青空、ひとりきり

鉄路と旅と温泉と。日々の情景の中を走る地方私鉄を追い掛けています。

フラ・カ~ル

2012年08月28日 06時27分30秒 | 三岐鉄道・北勢線

(もう一つの貨物@JR富田駅)

さて、長々と三岐鉄道について申し述べて参りましたが、三岐の貨物にはもう一つ重要な品目の輸送がありまして、それがホキ1000による炭カル&フライアッシュ輸送なんでござーますね。趣味人もしくは建設屋でもなけりゃ炭カルもフライアッシュもよーわからん、とのたまう御仁にご説明させていただきますと、セメントっつーのは石灰石を砕けば出来る訳じゃあございません。石灰石を主成分に珪素だとかシリカとかの水を混ぜると固まる成分をブレンドして、高温度で焼成した上で乾燥粉末化したものがセメントなんですが、太平洋セメントではセメントの材料に火力発電所で石炭の燃焼ガラとして産出されるフライアッシュと言う焼却灰を使うのです。このフライアッシュつうのは粉塵に近い微粒子状の物体で、本来なら燃えカスとして産廃扱いにされていたらしいんですが、試しにセメントに混ぜてみたら練った時に水なじみが良く、乾いた後もカッチリと結着するなどいい事づくめ。そんならセメント材として活用しようじゃないかってんで、愛知県は碧南火力発電所からセメント材料としての石炭ガラ=フライアッシュを東藤原まで輸送する事になりました。このフライアッシュ便の感心する所は、東藤原から碧南火力には手ブラじゃなくて火力発電所の排煙の中から有害物を吸着するための石灰(炭カル)を持って行くって事ね。産廃の有効活用と排煙の有害物抑制と言う環境には二度美味しい循環サイクルがこのフライアッシュ便でして、発電所も三岐鉄道も太平洋セメントも三方いいトコ取りのこのシステムはとってもエコな取り組みやん?って事で表彰されたりもしています。パチパチ。

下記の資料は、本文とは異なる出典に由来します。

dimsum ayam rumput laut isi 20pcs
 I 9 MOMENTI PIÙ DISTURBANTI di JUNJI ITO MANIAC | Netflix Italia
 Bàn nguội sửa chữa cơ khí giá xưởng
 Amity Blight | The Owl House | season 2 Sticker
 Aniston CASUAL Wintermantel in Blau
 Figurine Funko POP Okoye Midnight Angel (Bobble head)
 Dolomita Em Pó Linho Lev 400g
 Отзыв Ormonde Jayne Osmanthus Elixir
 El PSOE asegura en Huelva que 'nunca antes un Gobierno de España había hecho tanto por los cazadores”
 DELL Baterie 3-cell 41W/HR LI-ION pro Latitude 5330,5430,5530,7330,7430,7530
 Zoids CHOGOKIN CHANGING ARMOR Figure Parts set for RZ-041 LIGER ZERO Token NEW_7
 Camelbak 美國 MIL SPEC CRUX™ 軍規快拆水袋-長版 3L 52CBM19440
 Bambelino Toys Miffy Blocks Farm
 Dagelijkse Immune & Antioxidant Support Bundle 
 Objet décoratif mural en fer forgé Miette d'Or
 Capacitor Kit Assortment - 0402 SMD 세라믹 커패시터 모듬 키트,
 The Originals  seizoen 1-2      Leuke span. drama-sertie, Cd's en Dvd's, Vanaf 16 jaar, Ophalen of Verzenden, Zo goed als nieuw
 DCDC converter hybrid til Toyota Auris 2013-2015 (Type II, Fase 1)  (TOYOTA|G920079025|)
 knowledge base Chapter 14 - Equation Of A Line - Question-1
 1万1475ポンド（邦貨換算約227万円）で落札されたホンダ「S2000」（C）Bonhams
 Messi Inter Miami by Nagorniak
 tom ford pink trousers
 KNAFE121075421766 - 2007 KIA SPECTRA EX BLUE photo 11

独特の形状のタンクとその色から「白ホキ」と言われているホキ1000。「炭酸カルシウム及びフライアッシュ専用」と用途が限定されてますが、これがいわゆる専貨と呼ばれる専用貨車。一昔前はセメントや石油や専門色の強い化学物質の輸送は鉄道が一手に引き受けてまして、色んな化学メーカーが貨車を作ってはやれアセトアルデヒドだラクトニトリルだ化成ソーダだと危険物質(笑)をいっぱい鉄道で輸送してました。今は高速コンテナ用のタンクが開発されて、コンテナの一つとしてコキに載せられちゃう時代ですから、メーカー私有の専用貨車ってのはほんと風前の灯なんですよね。


そんなフライアッシュ便を三里~丹生川で撮影。
日が陰る+編成短い+シャッター切り位置失敗とダメをこじらせたような一枚ですが、記録なんで恥を忍んで載せておきます(笑)。うーん、今回の三岐行は全体的には満足してるけど、唯一心残りなのはフライアッシュ便をきっちり撮れなかった事なんだよなあ。後で知ったけどフライアッシュ便は夜にデーデーに牽かれて富田へ着いた後、二編成に切り分けた上でまず先陣が保々まで運ばれ一泊し、次の日の朝一番のダイヤで東藤原へ向かうらしい。撮影した昼便は富田で切り分けられた余りの分だから、どうしても編成が短くなってしまうようです。長いの撮りたきゃ朝一で来いってか。

やっぱもう一回行かなきゃダメだなこれは(笑)。